→ TASK STATEMENT
Reproduce the material below only from the line with "Good kisses initial" to the line with "Burberry bucket Hat - Dark Olive", both included, keeping each line exact and dropping the pictures.

→ DATA UNDER STUDY

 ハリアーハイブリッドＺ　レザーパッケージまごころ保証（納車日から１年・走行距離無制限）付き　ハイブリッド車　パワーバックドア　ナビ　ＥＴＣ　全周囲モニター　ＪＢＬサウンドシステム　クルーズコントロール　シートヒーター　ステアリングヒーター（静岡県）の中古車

...

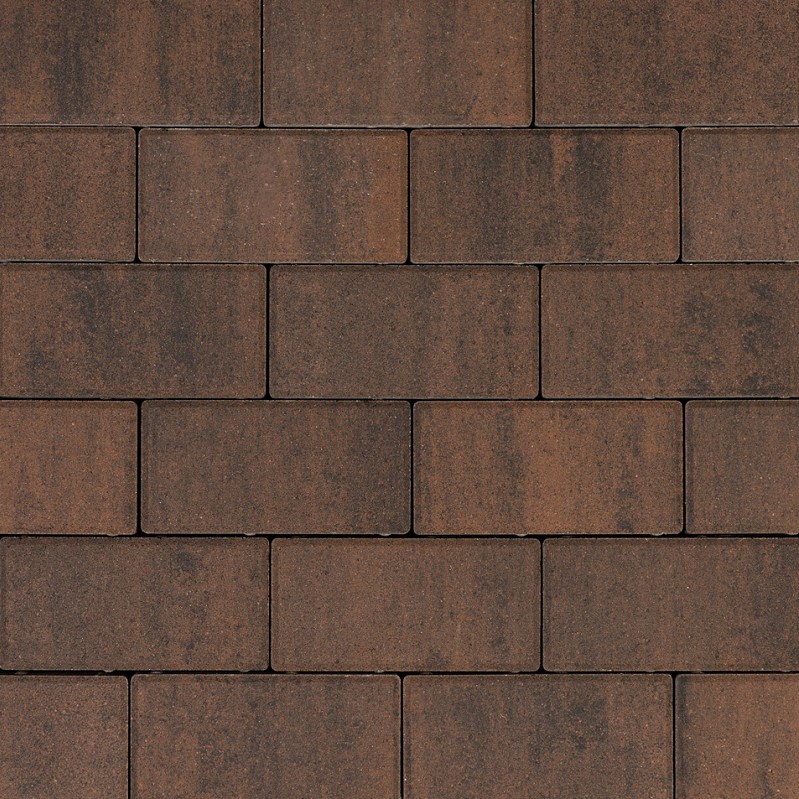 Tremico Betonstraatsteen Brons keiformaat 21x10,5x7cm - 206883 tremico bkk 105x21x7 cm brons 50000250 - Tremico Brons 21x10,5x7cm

==

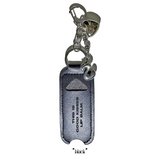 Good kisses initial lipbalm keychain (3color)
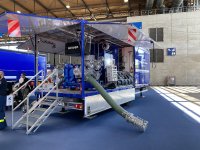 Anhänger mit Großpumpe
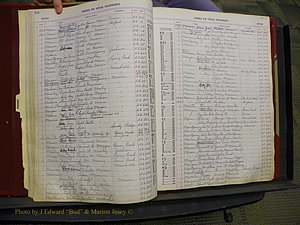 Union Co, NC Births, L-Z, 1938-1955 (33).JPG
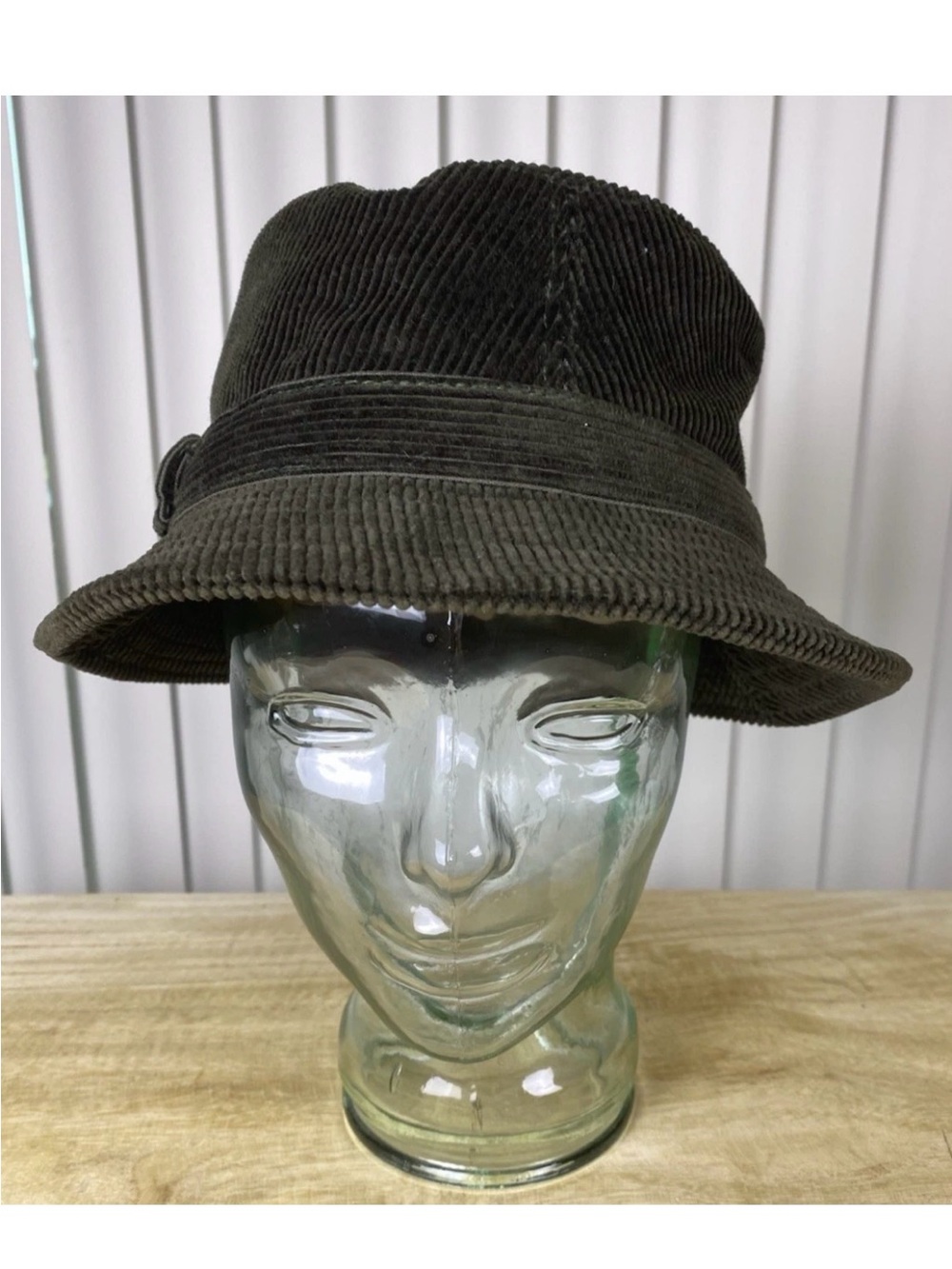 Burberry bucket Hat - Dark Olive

→ WRITTEN SOLUTION
 Good kisses initial lipbalm keychain (3color)
 Anhänger mit Großpumpe
 Union Co, NC Births, L-Z, 1938-1955 (33).JPG
 Burberry bucket Hat - Dark Olive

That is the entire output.